The non-bacterial (negative) test sets include two datasets, one made with mammalian genomes and the other with viral genomes. The mammalian test set includes all the available genomes in NCBI RefSeq (as of Jan/06/2024) pertaining to the Camelidae family (NCBI taxon ID 9835). We concatenate the FASTA files, and extract 5,000 random sequences, which are used to generate the reads via PBSIM2 as explained above. The viral test set includes available reference genomes (as of Dec/18/2023). Reads are simulated via PBSIM2 as well, but for the viral test set we set depth = 25. On a whole dataset, we count any matched read, i.e., different from unclassified, as a false positive (FP), and any unmatched read as a true negative (TN).

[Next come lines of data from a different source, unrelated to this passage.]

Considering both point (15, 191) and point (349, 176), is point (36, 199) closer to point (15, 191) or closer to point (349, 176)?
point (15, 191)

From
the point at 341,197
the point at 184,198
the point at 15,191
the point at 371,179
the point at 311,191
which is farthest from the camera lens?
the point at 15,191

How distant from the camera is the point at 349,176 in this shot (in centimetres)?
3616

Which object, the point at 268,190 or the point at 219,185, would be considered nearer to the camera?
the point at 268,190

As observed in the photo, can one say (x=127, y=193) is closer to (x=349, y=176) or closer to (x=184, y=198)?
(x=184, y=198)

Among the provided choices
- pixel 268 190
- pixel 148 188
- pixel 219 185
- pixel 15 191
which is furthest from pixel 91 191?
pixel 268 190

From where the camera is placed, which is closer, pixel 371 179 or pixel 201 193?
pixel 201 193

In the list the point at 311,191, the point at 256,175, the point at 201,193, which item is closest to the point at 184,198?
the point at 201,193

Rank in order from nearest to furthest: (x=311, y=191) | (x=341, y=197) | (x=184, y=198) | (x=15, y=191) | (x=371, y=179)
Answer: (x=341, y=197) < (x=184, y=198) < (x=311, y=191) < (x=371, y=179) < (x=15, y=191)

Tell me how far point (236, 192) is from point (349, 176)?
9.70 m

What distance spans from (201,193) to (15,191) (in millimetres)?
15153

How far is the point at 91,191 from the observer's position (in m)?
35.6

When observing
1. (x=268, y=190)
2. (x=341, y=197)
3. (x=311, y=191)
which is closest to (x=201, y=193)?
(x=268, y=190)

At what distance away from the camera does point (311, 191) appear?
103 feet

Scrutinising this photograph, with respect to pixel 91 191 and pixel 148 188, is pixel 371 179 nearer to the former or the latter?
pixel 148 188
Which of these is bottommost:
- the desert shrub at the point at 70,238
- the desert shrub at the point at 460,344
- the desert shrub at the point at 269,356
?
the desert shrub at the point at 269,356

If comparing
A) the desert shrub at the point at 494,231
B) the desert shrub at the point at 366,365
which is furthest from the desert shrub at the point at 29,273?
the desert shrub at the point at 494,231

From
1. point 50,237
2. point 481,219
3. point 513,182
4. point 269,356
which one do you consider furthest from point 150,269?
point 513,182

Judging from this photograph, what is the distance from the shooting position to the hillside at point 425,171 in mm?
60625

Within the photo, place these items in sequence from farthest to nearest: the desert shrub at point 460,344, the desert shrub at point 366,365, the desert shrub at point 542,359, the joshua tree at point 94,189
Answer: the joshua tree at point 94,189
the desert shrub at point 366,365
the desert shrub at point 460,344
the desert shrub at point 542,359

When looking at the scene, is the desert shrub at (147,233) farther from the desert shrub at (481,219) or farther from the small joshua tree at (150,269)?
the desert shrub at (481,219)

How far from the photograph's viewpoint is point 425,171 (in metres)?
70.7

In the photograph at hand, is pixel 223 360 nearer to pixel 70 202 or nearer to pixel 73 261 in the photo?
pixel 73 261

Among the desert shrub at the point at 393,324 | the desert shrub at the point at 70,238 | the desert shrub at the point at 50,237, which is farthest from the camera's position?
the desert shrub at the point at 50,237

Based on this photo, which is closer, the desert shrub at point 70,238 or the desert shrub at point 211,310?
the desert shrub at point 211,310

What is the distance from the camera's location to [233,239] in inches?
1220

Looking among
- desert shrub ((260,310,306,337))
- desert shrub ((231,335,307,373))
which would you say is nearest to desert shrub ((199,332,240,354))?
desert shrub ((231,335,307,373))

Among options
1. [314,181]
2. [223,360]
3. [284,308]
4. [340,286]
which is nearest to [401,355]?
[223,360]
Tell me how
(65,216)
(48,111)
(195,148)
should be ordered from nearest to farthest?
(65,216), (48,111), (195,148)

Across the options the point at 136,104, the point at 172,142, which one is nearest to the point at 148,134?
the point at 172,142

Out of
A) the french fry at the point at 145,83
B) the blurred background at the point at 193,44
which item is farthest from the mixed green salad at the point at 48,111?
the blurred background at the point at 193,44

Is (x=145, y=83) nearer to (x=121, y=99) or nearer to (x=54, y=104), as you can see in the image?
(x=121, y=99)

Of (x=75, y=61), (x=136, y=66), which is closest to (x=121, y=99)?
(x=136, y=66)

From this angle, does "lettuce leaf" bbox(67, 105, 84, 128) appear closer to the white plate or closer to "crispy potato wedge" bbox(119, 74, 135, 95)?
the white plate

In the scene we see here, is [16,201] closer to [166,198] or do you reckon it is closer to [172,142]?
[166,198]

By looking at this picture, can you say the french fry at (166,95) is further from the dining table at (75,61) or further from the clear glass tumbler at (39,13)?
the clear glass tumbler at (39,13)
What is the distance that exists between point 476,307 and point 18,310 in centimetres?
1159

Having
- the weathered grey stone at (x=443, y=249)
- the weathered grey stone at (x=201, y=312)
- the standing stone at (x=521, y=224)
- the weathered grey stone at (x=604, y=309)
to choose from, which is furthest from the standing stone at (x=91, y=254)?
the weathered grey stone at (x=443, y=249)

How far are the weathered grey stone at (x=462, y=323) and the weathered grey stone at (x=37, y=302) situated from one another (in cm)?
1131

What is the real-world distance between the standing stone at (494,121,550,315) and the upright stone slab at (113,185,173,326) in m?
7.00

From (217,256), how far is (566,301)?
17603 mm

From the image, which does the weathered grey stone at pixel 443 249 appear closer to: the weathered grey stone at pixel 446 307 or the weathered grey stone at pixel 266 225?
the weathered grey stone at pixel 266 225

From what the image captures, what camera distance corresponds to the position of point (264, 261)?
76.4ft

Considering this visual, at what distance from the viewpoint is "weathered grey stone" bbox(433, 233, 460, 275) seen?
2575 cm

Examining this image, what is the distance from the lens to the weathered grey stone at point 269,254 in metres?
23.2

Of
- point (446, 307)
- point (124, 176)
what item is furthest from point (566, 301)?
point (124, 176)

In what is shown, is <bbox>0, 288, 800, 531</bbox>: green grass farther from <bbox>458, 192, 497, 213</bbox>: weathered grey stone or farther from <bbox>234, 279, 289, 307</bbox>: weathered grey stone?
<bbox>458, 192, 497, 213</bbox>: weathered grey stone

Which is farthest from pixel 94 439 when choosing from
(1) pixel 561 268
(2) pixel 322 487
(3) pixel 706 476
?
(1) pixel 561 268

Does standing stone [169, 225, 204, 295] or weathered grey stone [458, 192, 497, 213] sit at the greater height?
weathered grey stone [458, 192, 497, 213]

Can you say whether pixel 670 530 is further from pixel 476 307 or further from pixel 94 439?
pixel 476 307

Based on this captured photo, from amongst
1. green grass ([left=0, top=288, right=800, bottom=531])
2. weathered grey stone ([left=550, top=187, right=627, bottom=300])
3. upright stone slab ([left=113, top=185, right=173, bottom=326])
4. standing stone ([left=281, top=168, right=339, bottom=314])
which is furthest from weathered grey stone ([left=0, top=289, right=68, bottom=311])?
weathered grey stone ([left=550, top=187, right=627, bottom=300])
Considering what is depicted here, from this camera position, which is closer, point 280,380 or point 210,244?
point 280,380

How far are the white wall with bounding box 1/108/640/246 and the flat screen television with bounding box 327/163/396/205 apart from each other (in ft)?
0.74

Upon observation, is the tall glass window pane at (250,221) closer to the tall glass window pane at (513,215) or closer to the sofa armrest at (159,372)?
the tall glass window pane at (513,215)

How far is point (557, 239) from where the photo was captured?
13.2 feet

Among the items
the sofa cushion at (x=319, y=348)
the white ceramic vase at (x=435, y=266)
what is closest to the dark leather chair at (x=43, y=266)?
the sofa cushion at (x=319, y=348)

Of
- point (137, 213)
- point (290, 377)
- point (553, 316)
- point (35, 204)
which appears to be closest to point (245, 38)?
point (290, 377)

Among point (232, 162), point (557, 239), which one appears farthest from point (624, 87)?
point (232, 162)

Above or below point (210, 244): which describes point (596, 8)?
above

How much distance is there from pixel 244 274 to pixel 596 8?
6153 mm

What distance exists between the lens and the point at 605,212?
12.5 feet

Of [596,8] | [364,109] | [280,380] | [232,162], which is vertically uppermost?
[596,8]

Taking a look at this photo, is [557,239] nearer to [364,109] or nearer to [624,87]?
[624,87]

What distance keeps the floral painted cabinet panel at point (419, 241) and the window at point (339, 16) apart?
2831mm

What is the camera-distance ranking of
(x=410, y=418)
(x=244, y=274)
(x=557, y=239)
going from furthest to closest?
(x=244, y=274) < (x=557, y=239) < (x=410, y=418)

The Android customized databases include: (i) all viral genomes from RefSeq (as of Mar/5/2023); (ii) bacterial genomes from the BV-BRC reference set, selecting all species (and up to three species per genus) of concern for antibiotic resistance as determined by the World Health Organization (https://www.who.int/news/item/27-02-2017who-publishes-list-of-bacteria-for-which-new-antibiotics-are-urgently-needed); (iii) the MEGARes v.3.0 database, contains sequence data for nearly 9,000 hand-curated antimicrobial resistance genes37. The test sets included Nanopore metagenomics sequencing data generated from biological samples of hospitalized individuals with severe pneumonia38.
The comparison of OCTOPUS and Kraken2 over real-world data is done using data from the MetaSUB consortium39. MetaSUB is an international project collecting and sequencing surface samples from public transportation systems worldwide, with the goal of characterizing urban microbiomes. We select at random 100 MetaSUB metagenomics experiments, carried out using Illumina sequencing technology (short reads), with the corresponding sequencing (paired) FASTQ files. We apply quality control as described in our previous work40 and capped each FASTQ pair to —50MB, for a total of —5GB (compressed) data. Then Kraken2 and OCTOPUS are run over each capped sample with parameters and bacterial genome references described above.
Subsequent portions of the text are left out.